Each simple matcher has a run button which would allow the expert to test each simple matcher on its own. If the run button is pressed for the root simple matcher (Bad Fuel Hypothesis) as shown in Figure 14, instead of running one of the sub-decision simple matchers, this would run the whole Structured Matcher, because to resolve this simple matcher, it would need to resolve its sub-decision matchers (Performance Related, and Fillup Related).

After verifying that the Structured Matcher is complete, the expert would save it by selecting File from the menu at the top of the program and then they would select the Save sub-menu. At that point, the Structured Matcher would be defined and the expert would be finished with this specific Structured Matcher.

Non-expert's walk through - Running a Structured Matcher. The non-expert user of Structured Matcher has a much less complicated time of using the Structured Matcher program. The user would load a previously defined and saved Structured Matcher. To do this, first the user would start the Structured Matcher program, and then they would select the File menu item at the top of the program, and then select the Open from the sub-menu. At this point, the user would select a file that contains the hypothesis to be tested. After the program has loaded the information, the user would see the same information that was available to the expert who built the system. Figure 15 shows the freshly loaded Structured Matcher for the testing the Bad Fuel Hypothesis.
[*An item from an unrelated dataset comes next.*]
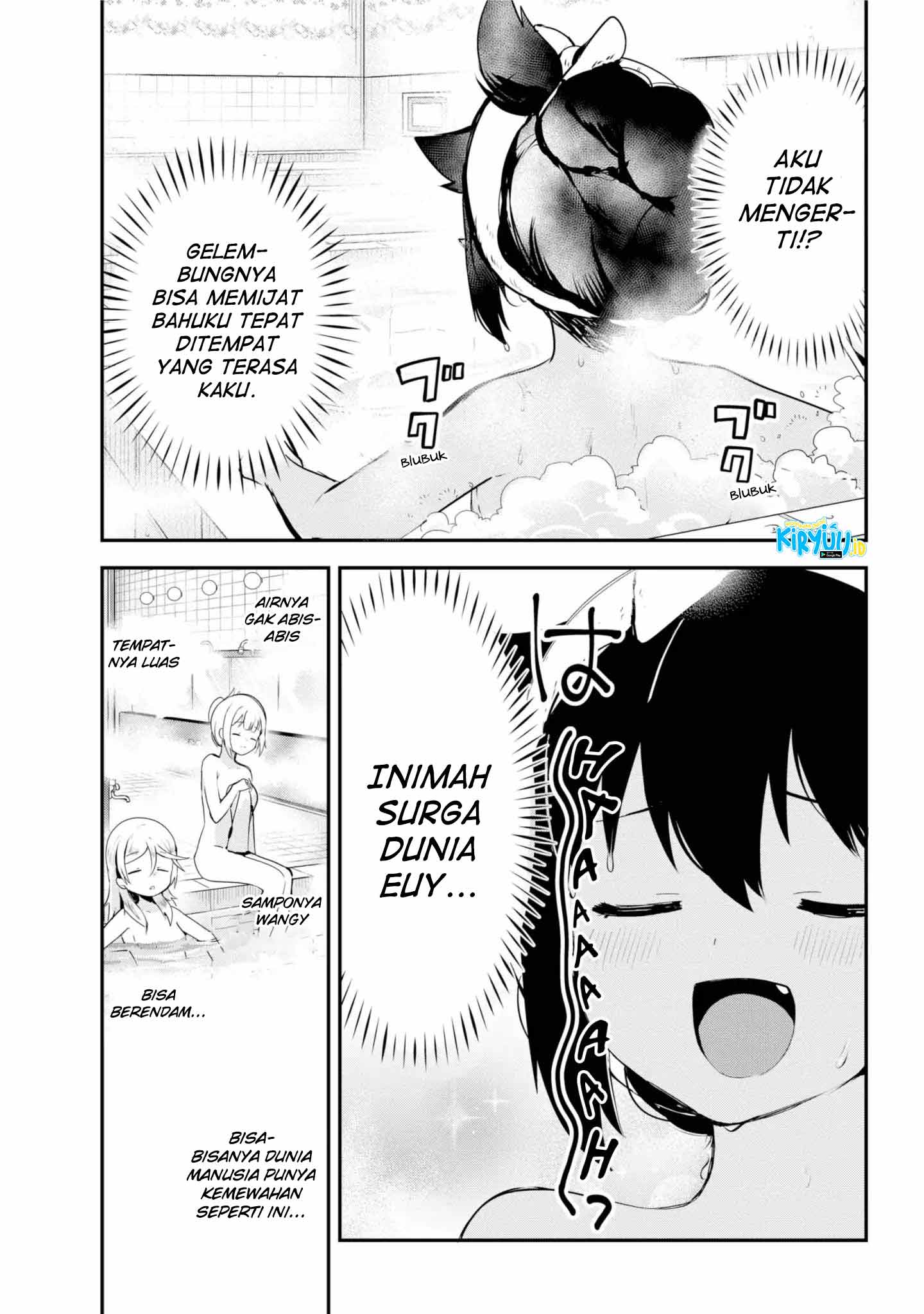 Chapter 26 - halaman 15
From this point the user would press the run button at the Structured Matcher screen, and the program would pop up small dialog windows with questions from the simple matchers, as shown in Figure 16.

The question order is dependent on how the constraints were entered within the columns of the simple matchers. The Structured Matcher will finish asking questions when the answers match the constraints for a complete row. Structured Matcher will keep asking questions until a row matches or until all rows have been compared.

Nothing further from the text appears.